The announcement of GST exemption limit being extended to businesses with a turnover of Rs 50 lakh in the Interim Budget will surely bring a smile on the faces of small traders and manufacturers. The greatest pain among the small traders and manufacturers on the announcement of GST in 2017 was that their costs had gone up by over 50 per cent. Unlike earlier, when most small traders ran a one-man show, in the GST era they were forced to hire an accountant and a computer-friendly resource, as they had to file monthly returns. Now, businesses with less than Rs 5 crore turnover can file quarterly returns, while businesses between Rs 50 lakh and Rs 1.5 crore need to file a flat 1 per cent GST and can file annual returns.
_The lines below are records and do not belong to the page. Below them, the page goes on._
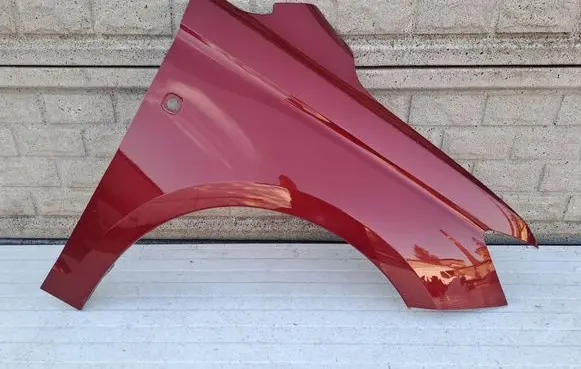 Volkswagen Caddy Front wheel arch liner splash guards PPVWCADDYV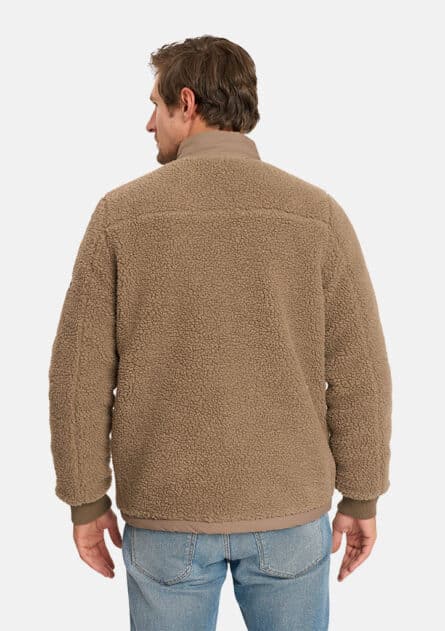 Mario Russo Teddy Jacket Stockholm - Afbeelding 4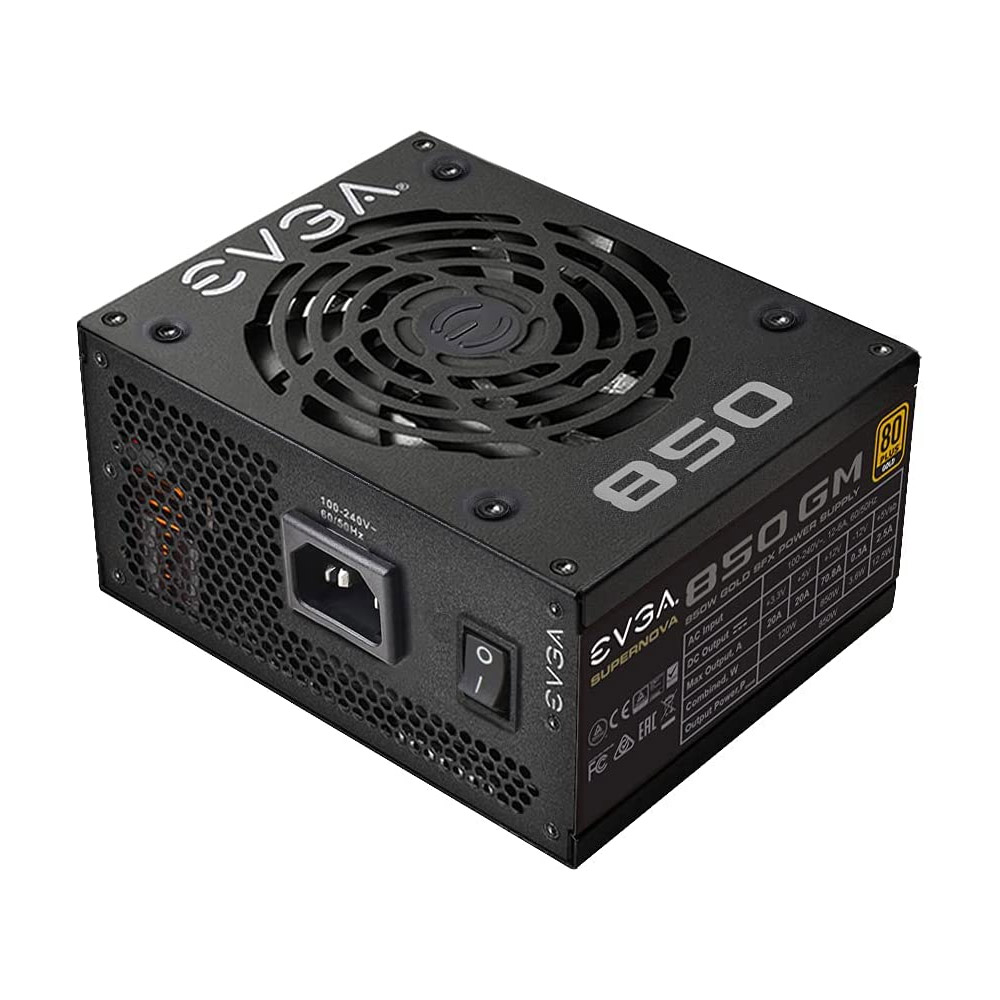 EVGA SuperNova 850W SFX.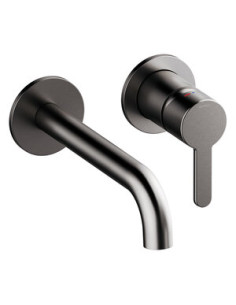 Silhouet Silhouet Iebūvējama izlietnes jaucējkrāna komplekts atklātā vietā, 180 mm 746265500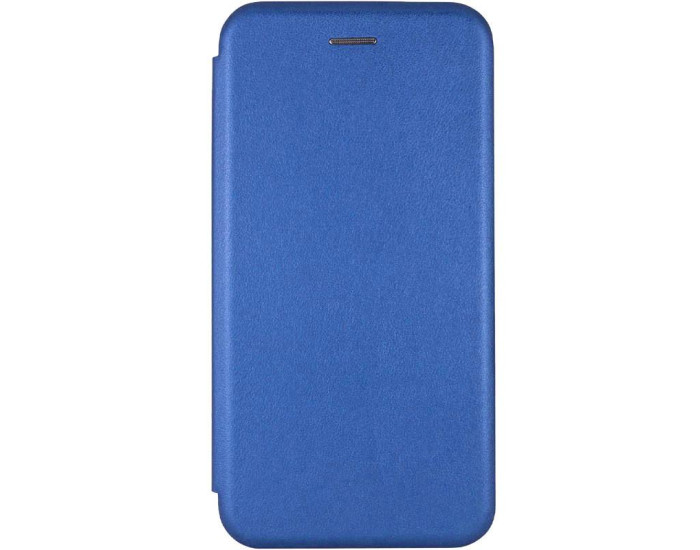 Чохол-книга шкіряний Classy Xiaomi Redmi A5 /Poco C71, синій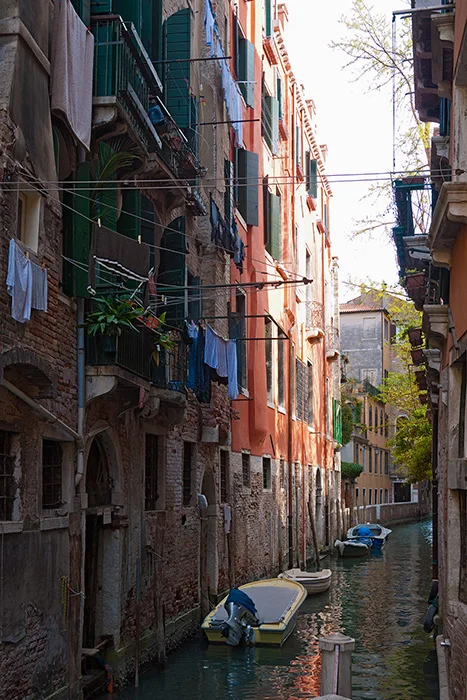 San Polo, Venedig 2012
The mood of traders and small manufacturers across the country post the GST roll-out, especially in the hinterlands was morose, many of them actually went out of business. These were traders who had never paid any kind of taxes earlier. The distribution of local 'masala' brands, snacks and detergent brands went down by 50 per cent, as they were not able to hire distributors because of the GST burden. Many of them dumped their products with retailers and never returned to pick up the unsold stock. Though several local manufacturers in cities such as Indore and Nagpur did come up with ways of paying GST for only 10-20 per cent of their merchandise and managed to sell the rest under the table, and some of them even managed to duck the e-way bill (by carting their products on cycles and Volvo buses if they distributed in more than one market), they were not able to sustain. Even the wholesaler, who earlier preferred local brands to national brands as he got higher margins from the former, switched his allegiance to the national brands.
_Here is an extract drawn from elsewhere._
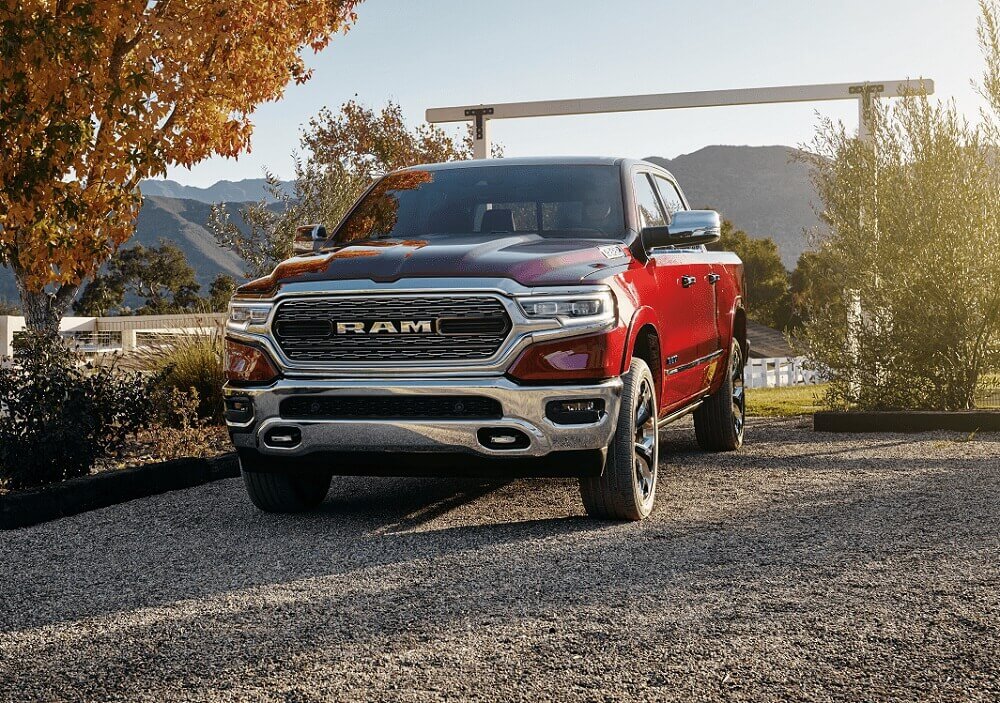 Best Work Trucks for Farmers James O’Neal Chrysler Dodge Jeep Ram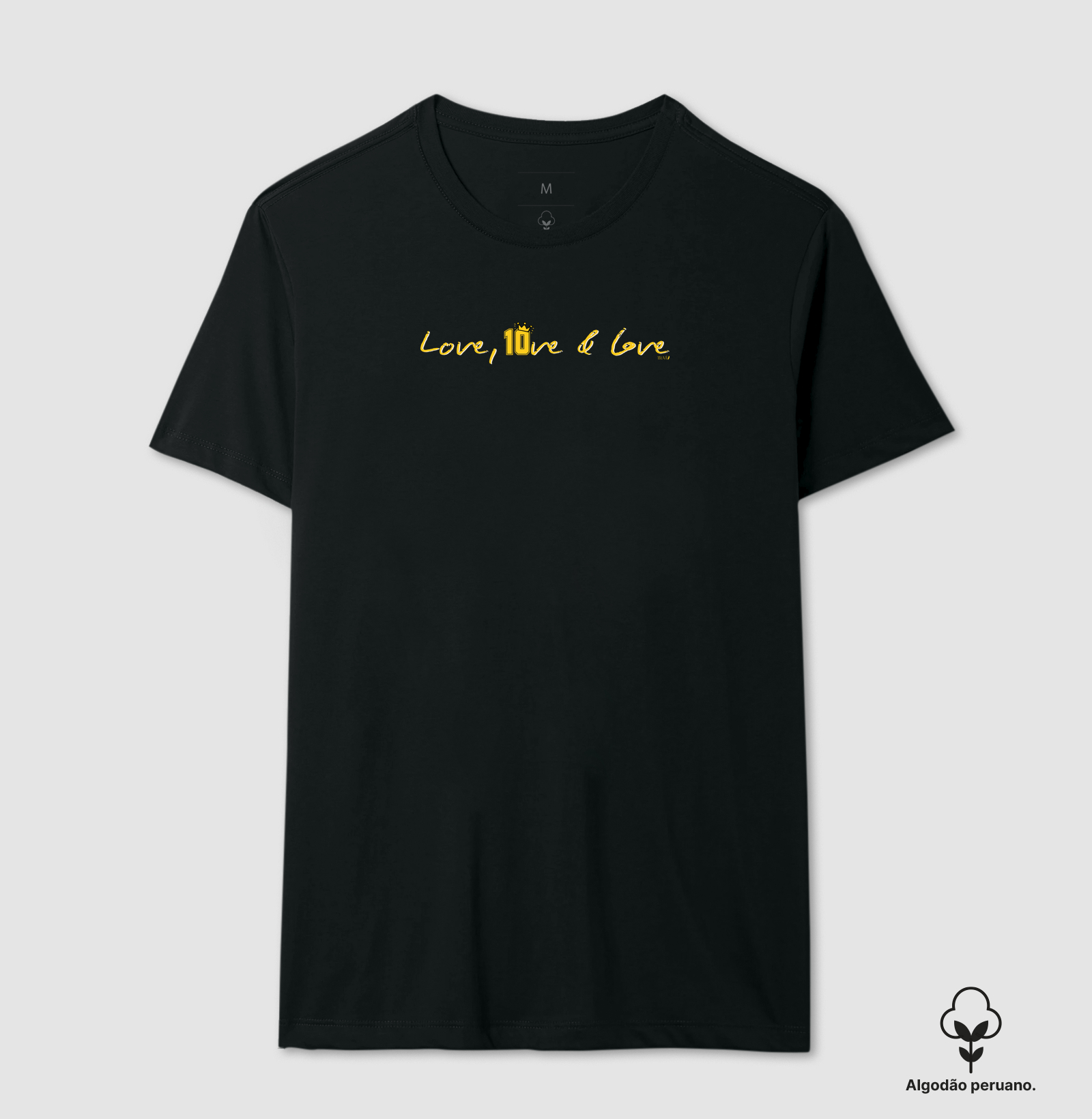 Love, love & love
Will the new GST guidelines bring back some of the small traders and manufacturers in action? "I expect some of them to come back as they will now be able to offer better margins to the wholesalers and win back their allegiance yet again," remarks Kannan Sitaram, Former COO of Dabur, who is now Venture Partner, Fireside Ventures. But the advantage, points out Sitaram, will largely be for those manufacturers dealing with food items derived from agri commodities which doesn't come under the GST bracket. "I don't see local personal care or home care brands benefitting as much even if they are exempted from GST," adds Sitaram.
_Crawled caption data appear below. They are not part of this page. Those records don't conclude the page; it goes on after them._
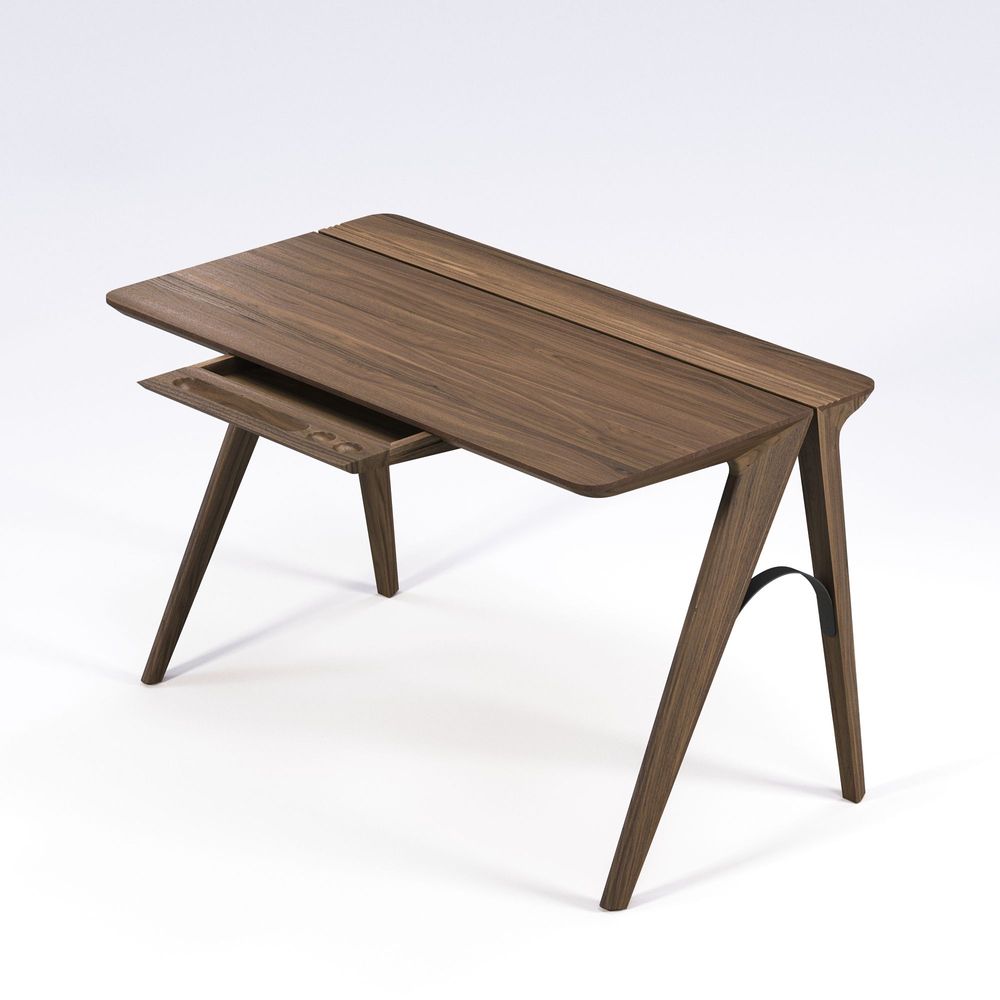 Desks - Bridge Desk - WEWOOD - PORTUGUESE JOINERY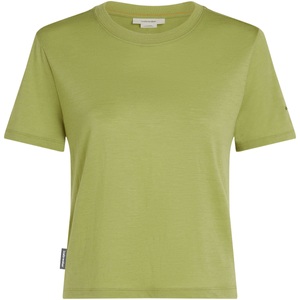Icebreaker Damen Tech Lite III Crop T-Shirt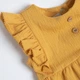 Платье Chicco Florence, цвет оранжевый, размер 86 (090.05703.042) - изображение 3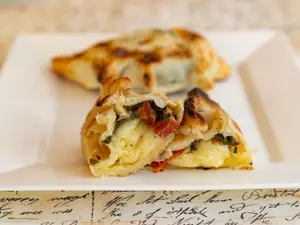 Empanada capresse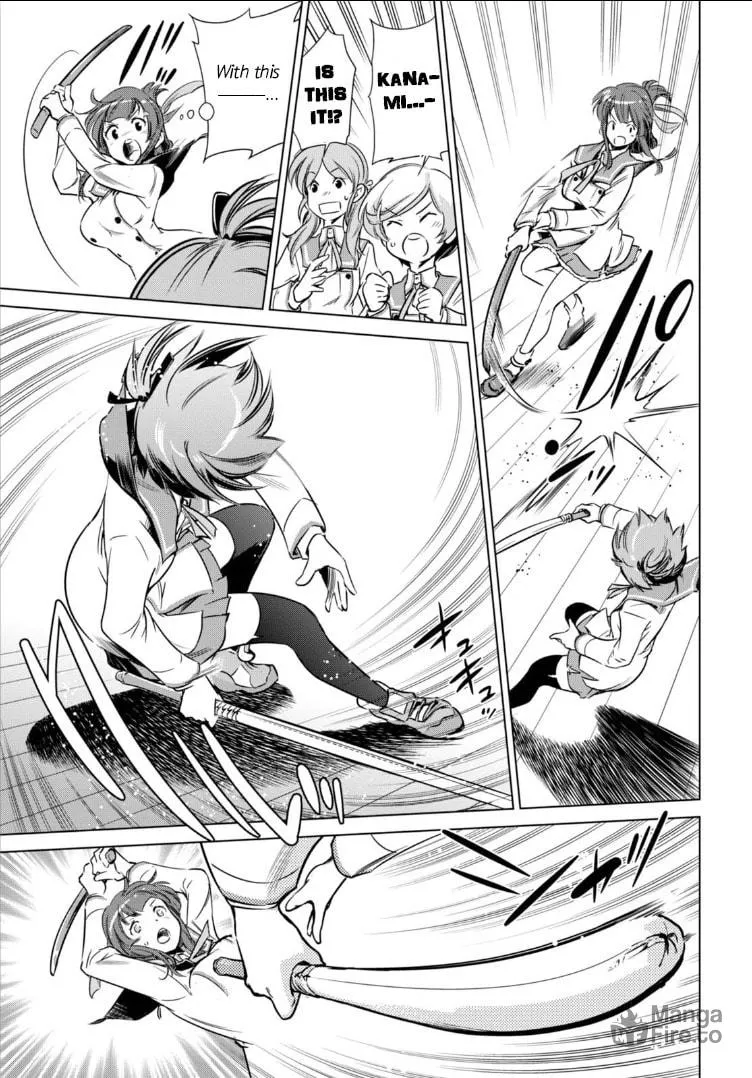 Read Toji no Miko chapter 2 image 8 on Lezhin
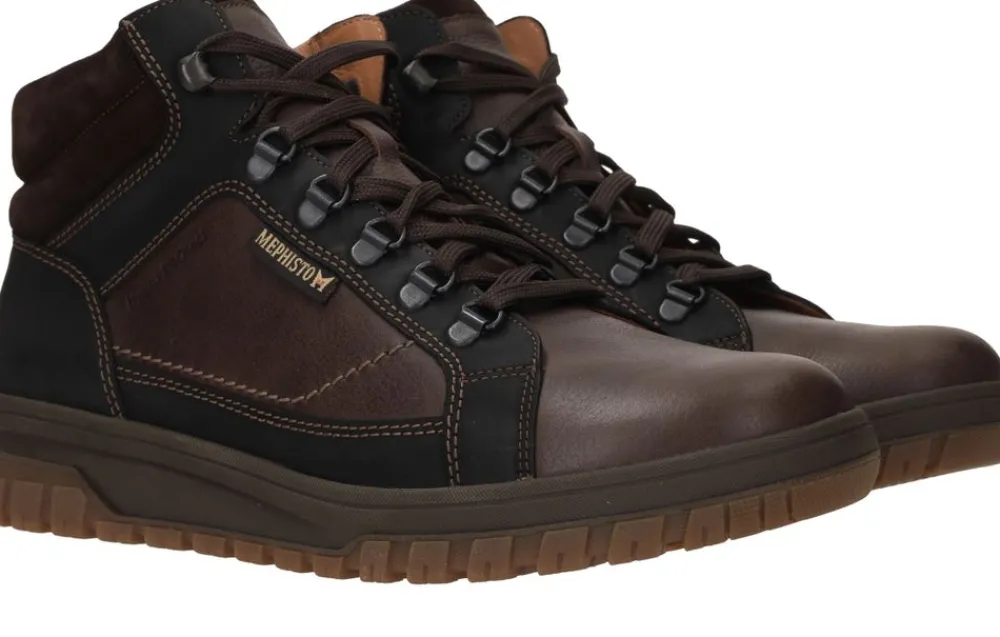 Heren Mephisto Pitt Veterschoenen Heren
The biggest beneficiaries of the GST regime have been the FMCG major such as HUL, ITC and Britannia who have taken advantage of the single taxation system and have hugely strengthened their distribution might. Companies such as HUL have even come up with strategies such as 'Winning In Many Indias', as part of which they are coming up with region specific brand extensions. Most of these companies have also substantially increased their advertising spends in regional markets. This will be the biggest challenge for the local brands, which don't have the ability to spend on marketing and distribution and could hence lose out. At a time when several local brands exited the market, unable to handle the pressures of GST, the national brands have encroached upon their territory by either strengthening their direct distribution might or by giving huge incentives to the wholesale community. "It's not that the likes of HUL or Dabur are paying us higher margins after GST. But if we sell Rs 50,000 or Rs 100,000 worth of their products a month, they pay us 2-4 per cent higher margins," pointed out a wholesaler in Gujarat's Navasari, in an earlier interview with Business Today.
"The deeper pockets of the bigger players as well as their quality standards may not allow the local players to come back that easily," says Sitaram. A small-town kirana store may have multiple local brands sitting next to the big brands and would be priced far lower than the national brands, but could lose out in terms of quality. In the earlier era most of the big brands were not as widely distributed as they are now, hence, the local brands had a monopoly. The wholesaler also may not be too happy to stock a local brand as he would prefer to push a better quality product, and at the same time he is also getting pampered by the bigger brands with attractive incentives.
Will the expansion of GST exemption limit really help really small traders and manufacturers? It may not.